• _About this exercise_
Leave out any pictures and transcribe all other data below exactly.

────────────────

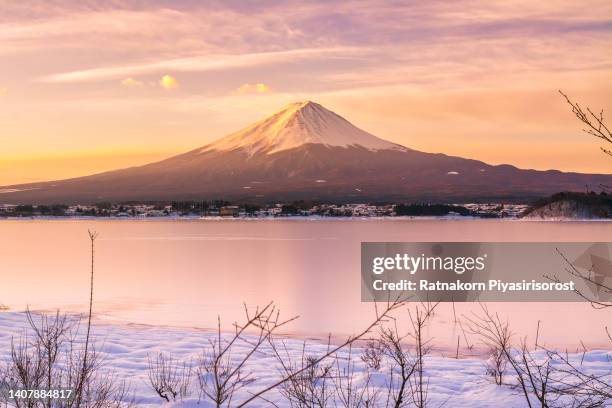 view of mt. fuji from lake yamanaka during sunrise at winter - mt fuji stock-fotos und bilder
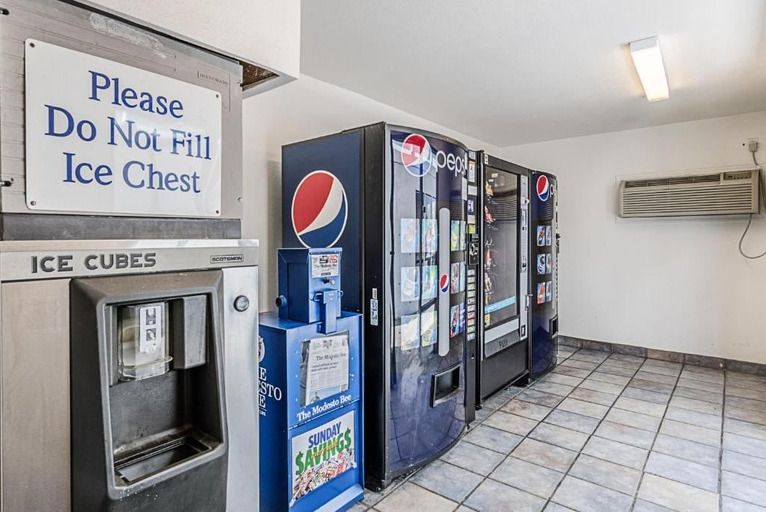 Food & Drinks 5, Motel 6 Modesto CA, Stanislaus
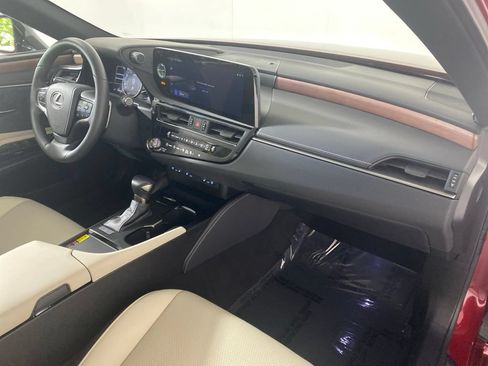 Used 2025 Lexus ES 350 w/ Premium Package FWD image 34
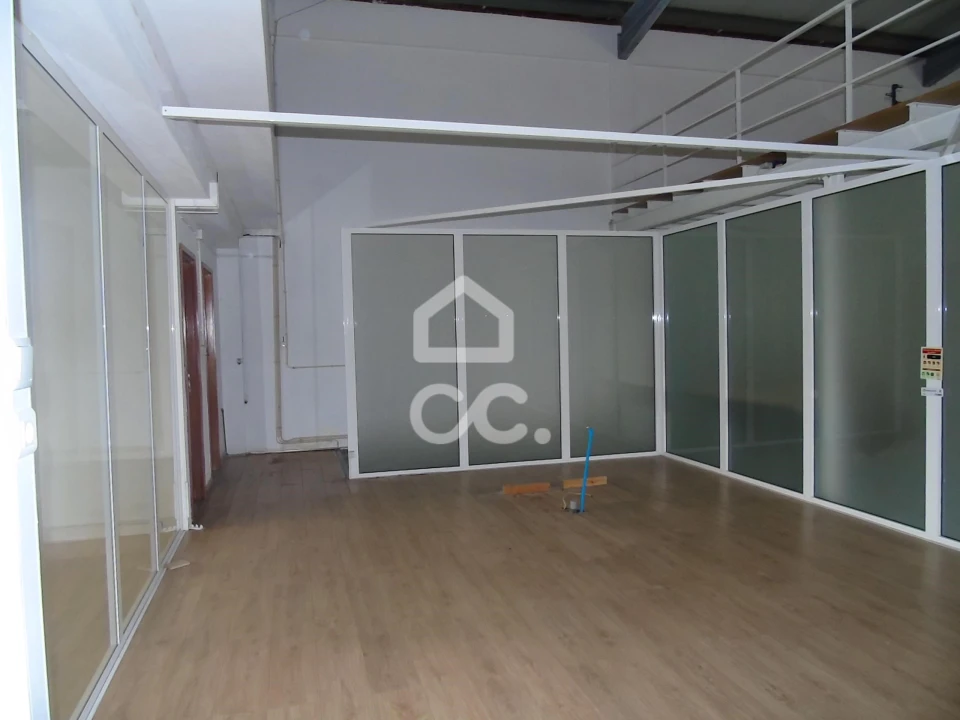 Armazém para Venda em Selho (São Jorge) Foto 10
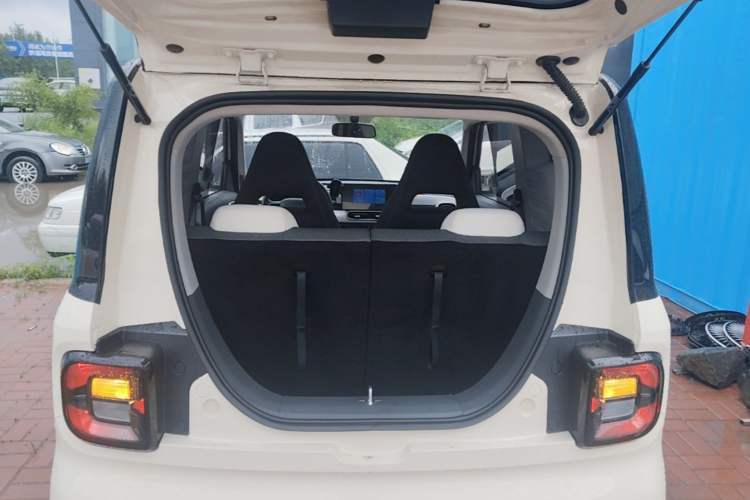 Used Geely Galaxy Panda 2025 210 km – Yuanqi Bear Trunk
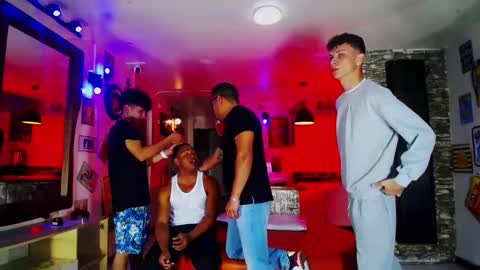 extrangers online show from 01.17.25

────────────────

• _Solution for this task_
 view of mt. fuji from lake yamanaka during sunrise at winter - mt fuji stock-fotos und bilder
 Food & Drinks 5, Motel 6 Modesto CA, Stanislaus
 Used 2025 Lexus ES 350 w/ Premium Package FWD image 34
 Armazém para Venda em Selho (São Jorge) Foto 10
 Used Geely Galaxy Panda 2025 210 km – Yuanqi Bear Trunk
 extrangers online show from 01.17.25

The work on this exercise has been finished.